La semaine d'un chercheur d'emploi
En ce moment je passe pas mal de temps à répondre au téléphone, à me déplacer à droite à gauche, et à passer des entretiens. Et j'aime pas ça, les entretiens. Je ne suis pas un vendeur, je déteste faire l'article de quelque chose, encore plus si c'est moi. Mais bon, c'est comme ça que ça marche, alors si je veux retrouver un boulot, faut bien s'y plier. Et puis en ce moment mes entretiens se passent relativement bien. Depuis que je me suis retrouvé sur le marché des demandeurs d'emploi, ou plutôt des offreurs de service (sisi ça change tout, et y a des gens qui sont payés pour trouver ce genre de vocabulaire et expressions), j'ai eu plusieurs pistes intéressantes. Une où j'ai passé un entretien, qui s'était bien passé, mais qui n'a pas abouti, probabement pour une histoire de niveau d'expérience. Là j'étais pas mal déçu, parce que le poste avait l'air vraiment intéressant, et dans mon secteur d'activité.

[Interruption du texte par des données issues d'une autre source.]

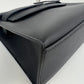 Pochette kelly ポシェットケリー Black ブラック SV金具 K刻 Swift スイフト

Pour dynamiser un peu tout ça, j'ai réactualisé mon CV sur Monster (la moindre modification permet de remettre un CV dans la fournée que les recruteurs reçoivent). Si il y a des lecteurs ici qui cherchent ou chercheront bientôt du taff en informatique, Monster ça marche très très bien. Le lendemain de cette réactualisation je recevais deux coups de fil : un d'une SSII où je suis déjà allé plusieurs fois (qui me propose un RV le lundi suivant, soit hier), et un d'une autre société de consultants que je ne connaissais pas. Cette boîte (on était mardi en fin d'après-midi) me demande si je peux venir le lendemain. Moi je fais le gars motivé, pas de problème. Je me rencarde un peu sur la boîte, leur coeur de métier correspond à ce que je viens de faire depuis un an, qui avait fini par me souler un peu à la fin, mais m'avait intéressé au début : l'assurance projet, le recettage, la validation. Autre petit souci, ils n'ont pas le domaine des sciences du vivant en secteur d'activité. Mais j'ai pas grand chose à perdre à aller voir, si ce n'est quelques heures.

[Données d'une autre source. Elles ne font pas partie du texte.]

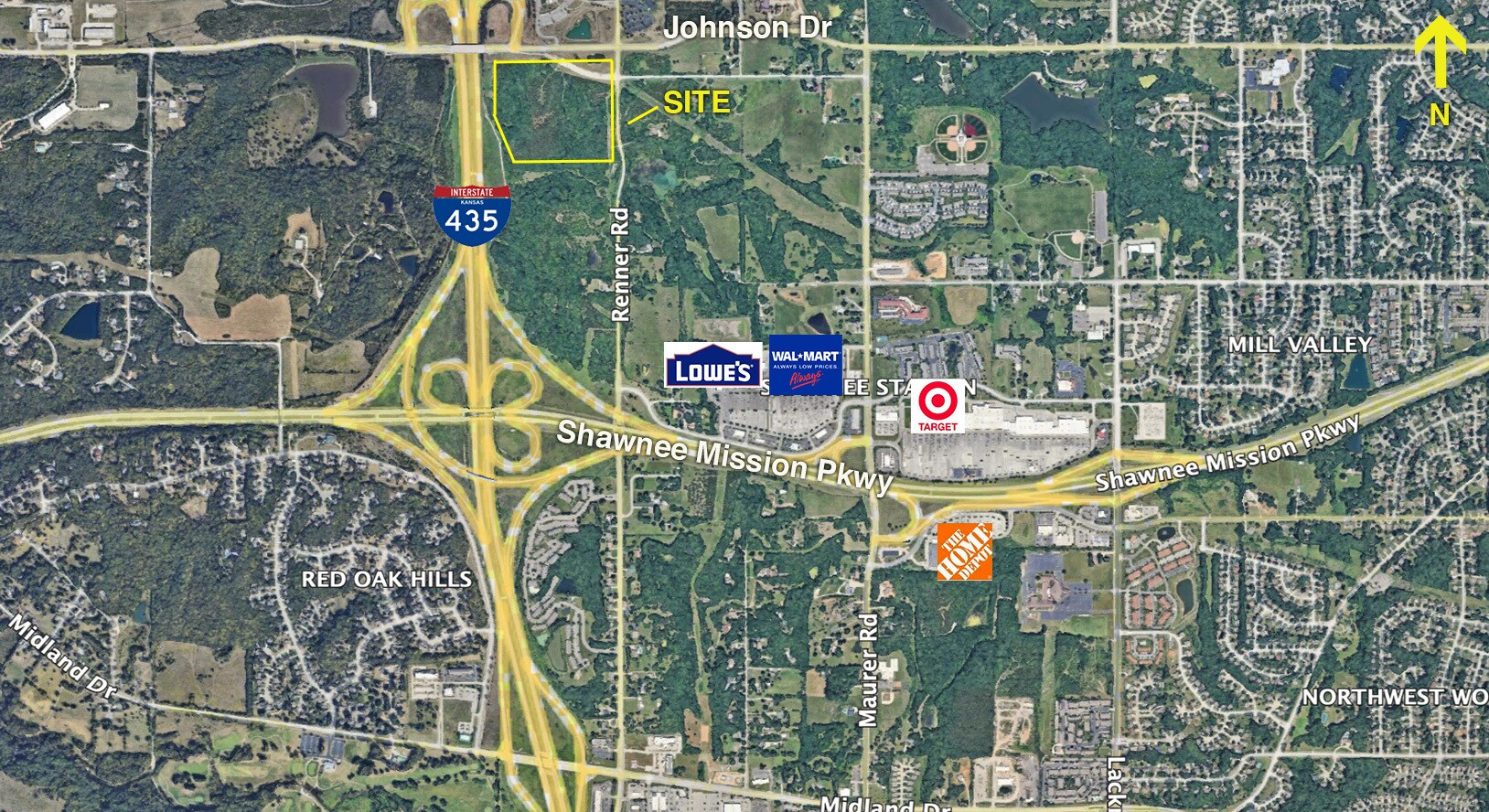 SEC of I-435 & Johnson Dr dr, Shawnee, KS à vendre Photo de l’immeuble– Image 1 sur 2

Donc mercredi j'enfile mon tout beau tout nouveau costard, je tape "noeud de cravate"sous Google pour apprendre à faire un noeud, je lutte pour le faire à la bonne longueur, j'enfile mes nouvelles pompes (en gros tout ce que je porte est tout neuf), et je suis parti. Au bout de 200 mètres, j'ai les tendons d'Achille ruinés par mes grolles, et je marche pas très naturellement tellement ça me tue. Dans train, je récupère l'enveloppe d'une réponse négative que j'ai reçu le jour même, et je m'en sers pour protéger mes talons des chaussures en glissant des morceaux de papier dans mes chaussettes. Système D, mais ça m'a un peu soulagé. Je me perds un peu en sortant du train, un mec a la bonne idée de faire un grand mouvement de bras avec sa clope à la main qui finit sur mon costard (je l'aurai tué, heureusement y a pas eu de trou ou de trace) et j'arrive poile à l'heure au RV après avoir franchi le cerbère à l'acceuil dont l'amabilité ferait passer le zéro absolu pour une température tropicale à midi en plein été.
Je savais que le process de recrutement de cette boîte se passe en trois entretiens, là j'en suis qu'au premier, donc je vois un ingénieur d'affaire. Entretien classique : "parlez moi de vous, qu'est ce que vous recherchez, qu'est ce que vous connaissez de nous, blabla". Mon speech commence à être pas mal rodé, et j'ai retenu les trucs principaux sur la boîte. Tout ça se passe bien, le mec en face de moi doit avoir 3 ans de plus grand max, visiblement mon profil et mon blabla font effet. Il sort voir sa chef, et revient en me demandant si je peux revenir deux jours après (le vendredi) voir sa chef. Rapide. Forcément je dis oui, rendez-vous est pris, et je repars en trainant mes talons ensanglantés.
Jeudi je reçois un autre coup de fil, le gars me demande si je suis mobile, je réponds "oui, mais ponctuellement, sinon je préfère rester basé en région parisienne". Il me demande si je serais prêt à partir 4/5 mois à Caen par exemple. Je suis pas encore mort de faim, non merci. Me faire ballader tous les 6 mois d'une ville à l'autre, très peu pour moi. Missions courtes, vie sociale zéro, nulle part chez toi, ça me fait pas rêver. Et puis Caen, j'y suis allé à Noel, c'est pas mon idéal. Le seul avantage c'est que je pourrais avoir 100 m² pour le même loyer qu'actuellement. On s'en tiendra donc là.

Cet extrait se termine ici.